茉 莉 花 赋
作者:大镖
以茉莉之洁,赋茶厂风骨;以岁月之醇,颂匠人初心。
——题记
“好一朵茉莉花,好一朵茉莉花,满园花开香也香不过它……”每当这熟悉的旋律在耳边响起,我眼前便会浮现出那一片片雪白的茉莉花海,鼻尖仿佛又萦绕着那淡远绵长的清雅花香。这歌声,这花香,早已不是简单的感官记忆,而是融进了我半生的光阴岁月,成为心底不可磨灭的生命印记。
茉莉之美,美在形,雅在色,醉在香。它不似牡丹雍容华贵,不若玫瑰娇艳浓烈,枝头花苞圆润饱满,如粒粒温润的白玉珠;待绽放之时,花瓣层层舒展,莹白似雪、素净如瓷,无半分杂色,干干净净,清清爽爽,透着不染尘俗的温婉雅致。微风轻拂,花枝摇曳,那抹纯白在翠绿枝叶间浮动,灵动又安然;它的香气更是清绝脱俗,不艳不烈、不浮不躁,是淡而悠长的温润之香。初闻是浅浅甜润,细品是沁心清宁,不张扬、不谄媚,随风漫溢间,便能涤荡心间浮躁,让人沉醉于这份纯粹美好。即便脱离花枝,那缕香魂依旧久久不散,藏着独有的坚韧与温柔。
我与茉莉花的缘分,要从1976年初见说起。从部队退伍后,我和两位铁道兵退伍的战友及其他部队的四个退伍兵一同分配到宁德地区茶厂。报到后当天下午厂党委就召开隆重的座谈会欢迎我们的到来,并提出了希望和要求。我的第一站便是窨花车间。那时年少,只觉车间内香气袭人,却不知这缕缕茶香背后,藏着多少繁复工序与匠人心血。

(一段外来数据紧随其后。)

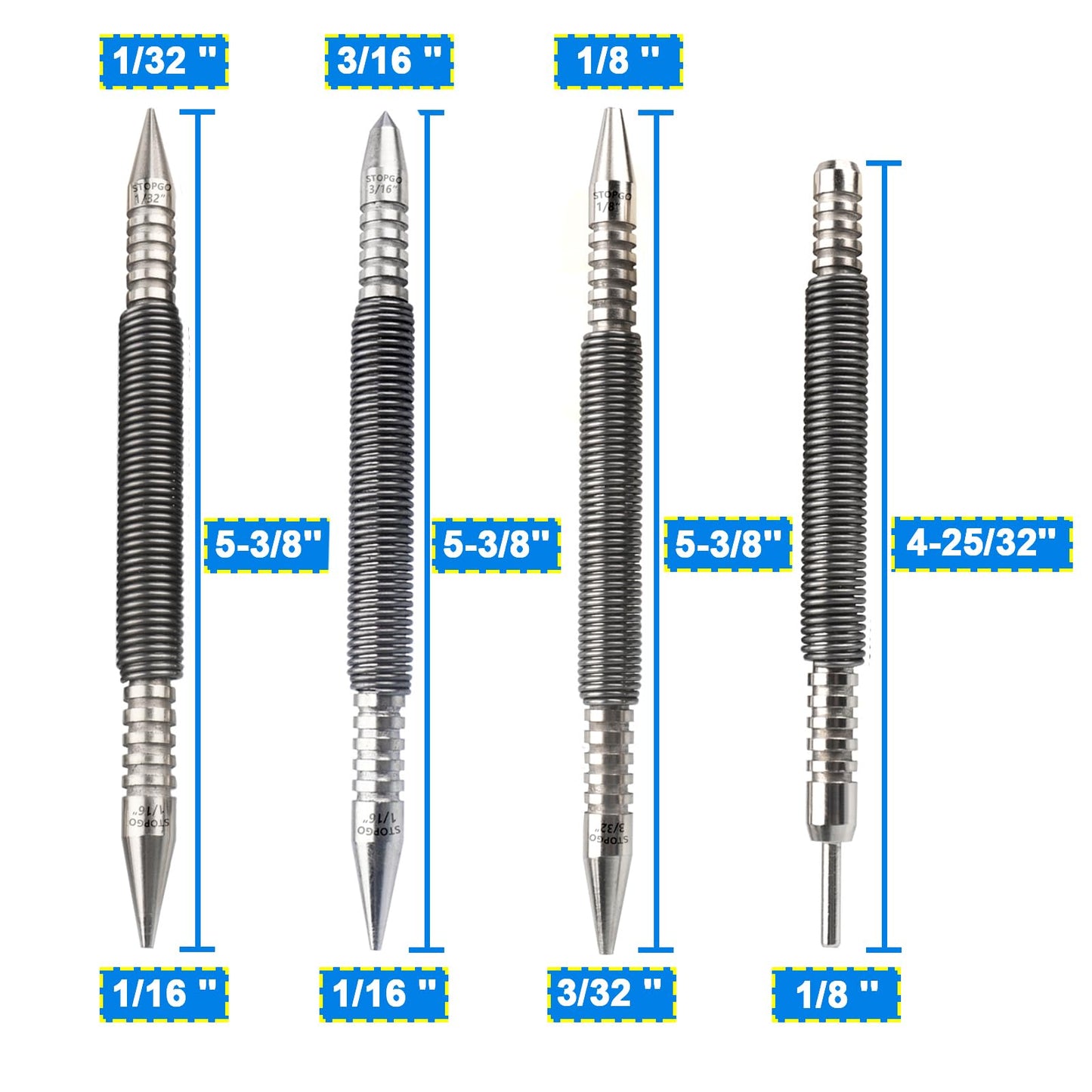 LSTOPGO Spring Nail Set with Size Marked,Spring Loaded Center Punch,4pcs Dual Head Nail Setter,Hammerless Door Hinge Pin Removal Tool（1/8-in, 3/32-in, 3/16-in, 1/16-in, 1/32-in, 1/8-in）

花茶制作,茶胚为基,工序向来讲究精细。毛茶入厂进库后,按计划统筹,先送制胚车间初加工,再交由数百名拣工场女工,以纯手工逐叶分拣。她们头戴白帽,围裙整齐,指尖翻飞如蝶,动作细致娴熟,将残次茶一一剔出,成为车间里一道朴素而鲜亮的风景。分拣毕,茶叶重返制胚车间筛分,按品级标准精准匹配,毛尖、毛峰等上乘胚茶,自此便有了专属“身份”,为日后花茶的醇厚品质奠定根基。胚茶转入窨花车间后,烘焙是第一道关键关隘:水分须拿捏精准——太干易生焦糊,太湿则难纳花香。老师傅的双手,便是最灵敏的标尺,一摸一捻,便知火候深浅。他们将烘好的茶胚装入硕大木箱,静置数日,这便是“待窨”。一排排木箱静立阴凉仓库,静待与茉莉的一场香气相逢。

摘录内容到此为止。